== EXTRACTED RECORDS

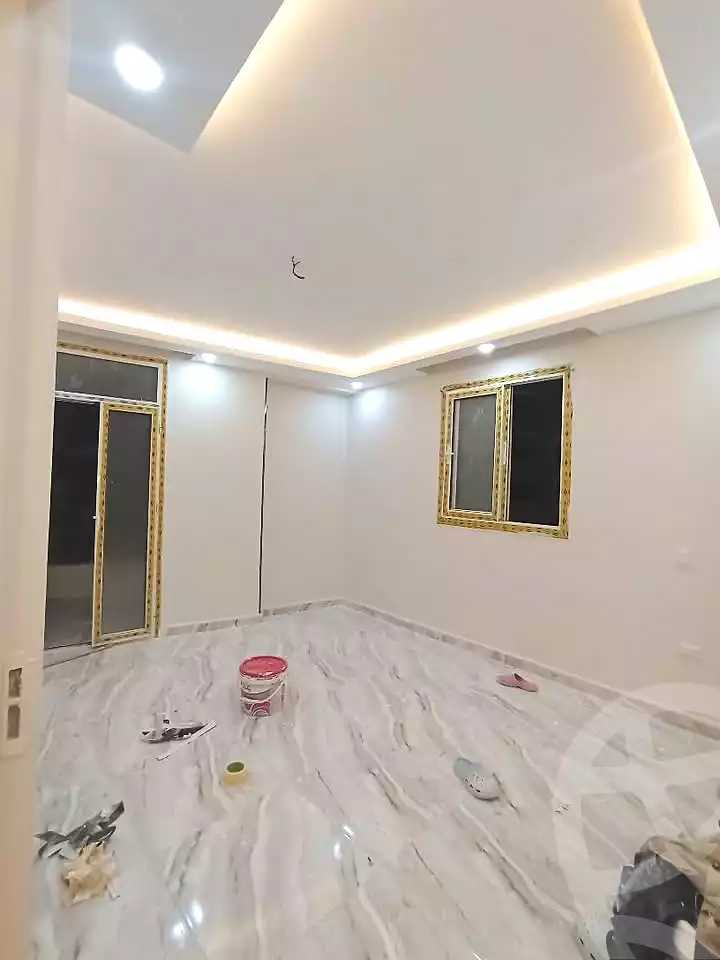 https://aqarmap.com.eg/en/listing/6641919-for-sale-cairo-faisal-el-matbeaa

====
== EXTRACTED RECORDS

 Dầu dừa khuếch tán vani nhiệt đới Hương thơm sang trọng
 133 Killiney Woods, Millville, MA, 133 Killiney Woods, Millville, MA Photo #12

====
== EXTRACTED RECORDS

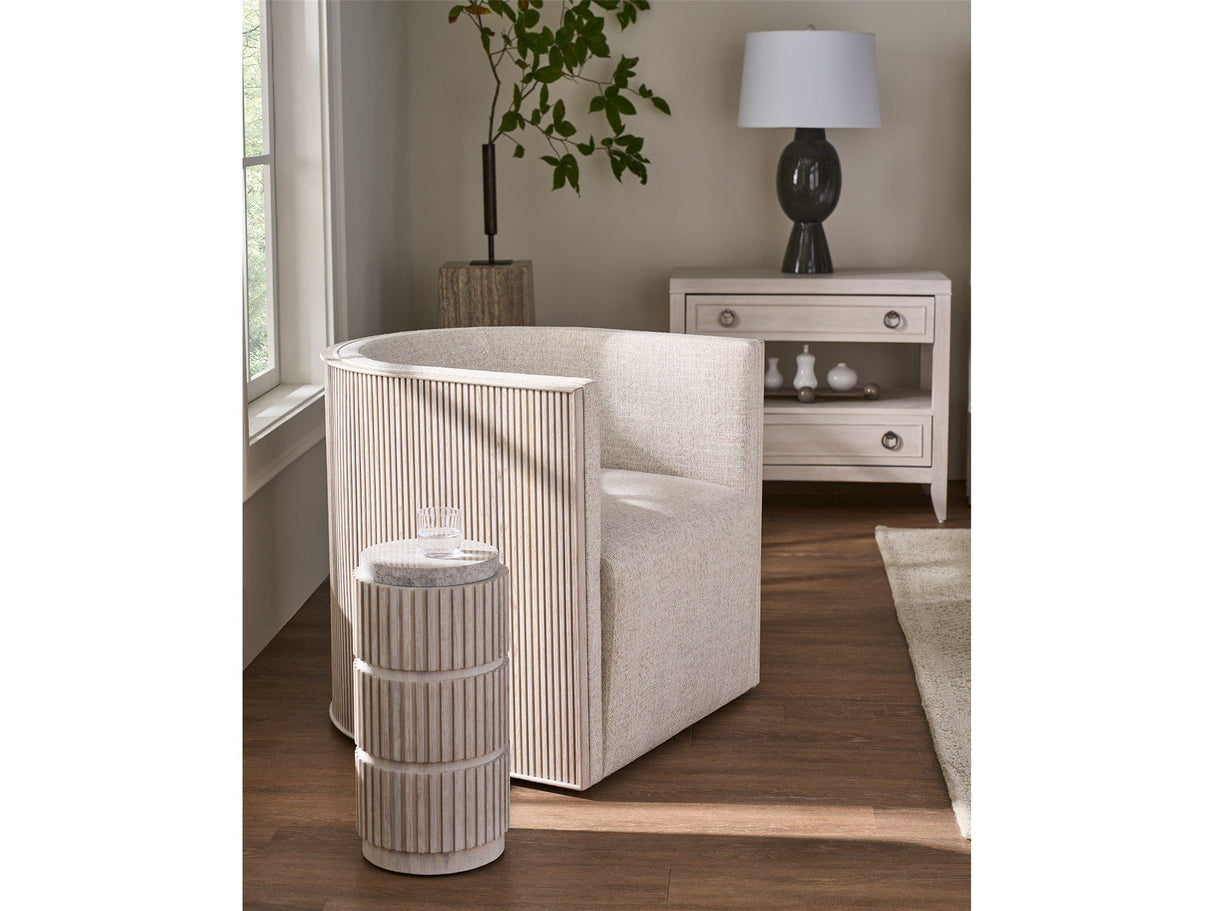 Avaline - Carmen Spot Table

====

In the listing above, find the line containing "Dầu dừa khuếch" and the line containing "133 Killiney Woods, Millville, MA, 133". Output them and every line between, exactly, and nothing else.

 Dầu dừa khuếch tán vani nhiệt đới Hương thơm sang trọng
 133 Killiney Woods, Millville, MA, 133 Killiney Woods, Millville, MA Photo #12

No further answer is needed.